Interview: “Geeking” out with Sandi Tan, director of Shirkers
Shirkers follows Sandi Tan as an adult as she attempts to resolve the biggest mystery of her past—What happened to Shirkers, the indie thriller she made (and starred in) as a teen? Through DIY aesthetics and interviews with her childhood friends, Tan revisits the making of her movie and the subsequent theft of the footage by the film’s director. Her poignant film touches on what it means to have your dreams stolen from you—and how to move on.
You had quite an unconventional film career path. First you made a film at 19, then you became a film critic at 22, and afterwards you attended film school at Columbia University. Do you think that unconventional path informed your work in any way?
I think so. I like good beginnings, middles, and ends, but not necessarily in that order. I think it frees you from feeling like you need to go to film school first. I shouldn’t have—well, film school wasn’t all that. I never thought of it as [being an unconventional path]; it was what was available to me at that point. When I was 18, an internship opened up to write about movies, so I got the job. Before that, it was that the opportunity to make Shirkers opened up, and you do what is available to you. If I had all the choices then, I might have gone to film school first, and that would have maybe been a mistake. I think its always interesting to move things around, [to experiment with] different orders. It frees you from thinking you need to do things a certain way.

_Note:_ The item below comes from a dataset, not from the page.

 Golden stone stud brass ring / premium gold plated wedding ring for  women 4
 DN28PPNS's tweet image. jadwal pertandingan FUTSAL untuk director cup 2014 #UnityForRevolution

That informed the way I made the film too, because we made it backwards. Most documentary filmmakers go story first, and I was horrifying all my documentary editor friends—who are pros—by doing it backwards. Me and Lucas, my editor, we sat and just listened to music, looked at graphics, and looked at all the visual material. We came up with mood first, because I am a big proponent of emotions as a narrative driver. I think you can go much farther, in a more unusual and unexpected way, than just the conventional, traditional structure of beginning, middle, end. Emotions can take you in unusual directions, and you’re taking people on a personal journey. It’s more important that you hit the right intense [emotions]. Emotional truth is so much more important. You can take [the audience] in different directions that may not seem like the usual structured approach, and yet they’re on the journey with you for the same ninety minutes. In fact, [it feels] like it might be more meaningful to them because it’s new—it strikes them in a more authentic way.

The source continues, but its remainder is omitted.